Athanokkade () is a 2005 Indian Telugu-language action thriller film written and directed by Surender Reddy. It was produced by Nandamuri Janaki Ram, Kalyan Ram's elder brother, under the banner N. T. R. Arts. It stars Kalyan Ram, Sindhu Tolani, and Ashish Vidyarthi in the lead roles, with the music composed by Mani Sharma.

The film was released theatrically on 7 May 2005. Following its commercial success, the film was remade in Tamil as Aathi (2006) and in Kannada as Lakshmana (2016). It was dubbed into Hindi as International Don.

Plot 
The opening scene shows Anjali sitting on a bench feeding a white pigeon by a calm ocean, and a retired DGP Bhavani Shankar coming and sitting by her side and exchanging pleasantries. Suddenly, she whips out a knife and stabs him to death with the help of her maternal uncle Ramachandran, saying that she has been waiting for this moment for many years.

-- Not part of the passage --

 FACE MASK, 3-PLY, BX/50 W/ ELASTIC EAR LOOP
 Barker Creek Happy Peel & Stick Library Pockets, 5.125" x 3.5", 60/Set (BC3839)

After that, the scene shifts to Ram who lives with his loving parents and sister in New Delhi. He takes up a course in a Hyderabad college against his parents's wishes. Unable to be separated from Ram, his parents and sister come to Hyderabad along with him. It is revealed that Anjali is studying in the same college as Ram, and she has her own agenda to seek revenge on her family's killers, assisted by Ramachandran.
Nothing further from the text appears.